As for people making multiple entries into the experiment, a simple IP filter
could help reduce overall error.

I think it would be neat to offer an option to not choose a number, but rather
a number to help offset selector's bias (in participating in the number
choosing experiment knowingly). It's similar to the multiple choosing UIs.

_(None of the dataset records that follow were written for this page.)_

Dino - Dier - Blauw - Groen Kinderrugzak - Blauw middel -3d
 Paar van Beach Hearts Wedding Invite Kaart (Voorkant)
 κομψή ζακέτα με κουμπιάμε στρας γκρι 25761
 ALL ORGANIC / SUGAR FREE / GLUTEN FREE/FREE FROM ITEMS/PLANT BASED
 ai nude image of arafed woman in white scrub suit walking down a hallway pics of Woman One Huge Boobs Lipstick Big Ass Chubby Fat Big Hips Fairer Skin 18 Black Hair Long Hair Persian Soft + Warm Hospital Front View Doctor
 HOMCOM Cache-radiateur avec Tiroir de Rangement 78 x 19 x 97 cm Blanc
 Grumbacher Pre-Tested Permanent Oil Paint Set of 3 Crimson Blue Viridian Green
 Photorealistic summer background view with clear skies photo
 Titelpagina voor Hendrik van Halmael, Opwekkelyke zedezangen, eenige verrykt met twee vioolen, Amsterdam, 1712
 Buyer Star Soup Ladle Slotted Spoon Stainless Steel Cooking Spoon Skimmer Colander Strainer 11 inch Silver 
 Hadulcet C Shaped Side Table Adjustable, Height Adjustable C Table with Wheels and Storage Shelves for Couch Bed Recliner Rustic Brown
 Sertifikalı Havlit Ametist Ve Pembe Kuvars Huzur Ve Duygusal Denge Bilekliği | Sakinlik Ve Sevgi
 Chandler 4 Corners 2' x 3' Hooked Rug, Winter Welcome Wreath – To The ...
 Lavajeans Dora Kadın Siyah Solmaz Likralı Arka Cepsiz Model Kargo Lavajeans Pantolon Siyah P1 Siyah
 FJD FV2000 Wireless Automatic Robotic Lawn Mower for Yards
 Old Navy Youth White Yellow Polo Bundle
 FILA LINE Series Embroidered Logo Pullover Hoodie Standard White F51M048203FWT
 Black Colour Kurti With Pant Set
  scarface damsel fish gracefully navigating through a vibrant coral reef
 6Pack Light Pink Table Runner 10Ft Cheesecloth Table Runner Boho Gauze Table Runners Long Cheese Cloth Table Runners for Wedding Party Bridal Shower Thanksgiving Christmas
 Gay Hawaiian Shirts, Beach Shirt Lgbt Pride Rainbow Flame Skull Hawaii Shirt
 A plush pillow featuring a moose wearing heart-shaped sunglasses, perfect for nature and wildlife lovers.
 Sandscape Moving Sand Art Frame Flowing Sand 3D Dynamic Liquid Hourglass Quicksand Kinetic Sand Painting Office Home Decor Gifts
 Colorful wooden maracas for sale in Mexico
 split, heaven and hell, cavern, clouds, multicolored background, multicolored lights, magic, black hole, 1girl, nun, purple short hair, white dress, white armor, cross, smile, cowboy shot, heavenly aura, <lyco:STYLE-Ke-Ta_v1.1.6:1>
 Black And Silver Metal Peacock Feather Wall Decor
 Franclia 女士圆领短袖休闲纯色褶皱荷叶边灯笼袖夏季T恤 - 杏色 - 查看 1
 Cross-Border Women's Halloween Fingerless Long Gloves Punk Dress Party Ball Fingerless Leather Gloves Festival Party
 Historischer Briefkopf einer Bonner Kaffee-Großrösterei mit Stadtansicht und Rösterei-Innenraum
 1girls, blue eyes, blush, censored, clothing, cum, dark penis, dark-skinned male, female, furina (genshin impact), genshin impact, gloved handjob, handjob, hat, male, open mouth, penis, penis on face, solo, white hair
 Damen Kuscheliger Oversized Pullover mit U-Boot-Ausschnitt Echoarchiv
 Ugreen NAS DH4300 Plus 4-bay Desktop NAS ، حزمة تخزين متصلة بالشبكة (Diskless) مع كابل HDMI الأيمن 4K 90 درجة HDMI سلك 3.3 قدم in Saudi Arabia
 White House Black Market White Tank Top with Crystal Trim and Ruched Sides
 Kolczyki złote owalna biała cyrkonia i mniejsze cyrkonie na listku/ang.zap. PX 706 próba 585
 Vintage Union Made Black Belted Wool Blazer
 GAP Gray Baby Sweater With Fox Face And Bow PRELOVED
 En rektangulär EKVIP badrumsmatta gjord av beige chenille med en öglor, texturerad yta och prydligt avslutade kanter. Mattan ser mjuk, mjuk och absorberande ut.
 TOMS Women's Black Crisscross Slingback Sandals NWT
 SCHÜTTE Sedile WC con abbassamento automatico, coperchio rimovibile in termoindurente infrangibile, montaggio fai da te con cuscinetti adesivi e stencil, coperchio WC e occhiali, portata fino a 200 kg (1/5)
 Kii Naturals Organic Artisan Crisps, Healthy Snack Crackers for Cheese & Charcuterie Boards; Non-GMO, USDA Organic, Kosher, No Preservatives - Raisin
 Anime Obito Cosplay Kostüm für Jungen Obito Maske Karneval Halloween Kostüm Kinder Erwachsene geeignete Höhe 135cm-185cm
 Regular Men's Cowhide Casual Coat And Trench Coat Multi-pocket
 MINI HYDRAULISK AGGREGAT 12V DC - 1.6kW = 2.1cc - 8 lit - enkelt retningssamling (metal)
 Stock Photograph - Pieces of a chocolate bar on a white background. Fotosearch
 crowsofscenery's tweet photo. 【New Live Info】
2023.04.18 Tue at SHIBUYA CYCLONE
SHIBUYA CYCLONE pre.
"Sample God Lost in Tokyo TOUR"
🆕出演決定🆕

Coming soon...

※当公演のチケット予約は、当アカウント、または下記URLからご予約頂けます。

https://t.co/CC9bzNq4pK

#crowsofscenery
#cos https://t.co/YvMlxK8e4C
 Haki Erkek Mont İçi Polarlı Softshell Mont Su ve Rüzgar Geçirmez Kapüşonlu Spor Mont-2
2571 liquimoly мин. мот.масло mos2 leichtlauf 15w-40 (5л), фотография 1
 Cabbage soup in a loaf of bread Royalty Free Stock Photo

Nonetheless, I can only appreciate simple things like this that lead to a
spirited and educated read.

Cheers and can't wait to see "final" results and accompanying analysis.

------
clvv
Interesting project. I'm looking forward to see the results. This reminds me
some of the mental algorithms I was thinking about: How do you generate a
random number without electronic devices? How do you generate a random
permutation without electronic devices? How do you generate a hash without
electronic devices? How do you do the above most efficiently? How about
without any pen, pencil or paper?

It will be cool if you can master mental cryptography.

------
alecperkins
I posted a graph with the basic distribution on the results page (just
hardcoded for the moment):

<http://nfrom1to10.appspot.com/results/>

A more in depth breakdown is coming. The number of responses has been far, far
beyond what I expected — several orders of magnitude more. Once I get together
a good way to efficiently track and display the graphs, I'll make them live.

------
roryokane
Upon being shown a circle and asked to pick a random number, I thought for a
bit and realized that no matter what I picked I wouldn't believe I had chosen
it randomly. Then I wrote a one-line script to generate a random number from 1
to 10 and I put its output as my answer. Perhaps this defeated the purpose of
the site, but I find it so hard to choose when I know my response is being
measured.

------
Tichy
Can't wait to hear how many people picked 10 (as I did). If it hadn't been for
science, I would probably have picked 7 like everybody else.

Once I thought it would be good to play the numbers "1 2 3 4 5 6" in the
lottery because they are as likely as other numbers, and I thought people
would not pick them. Turns out lots of people play "1 2 3 4 5 6".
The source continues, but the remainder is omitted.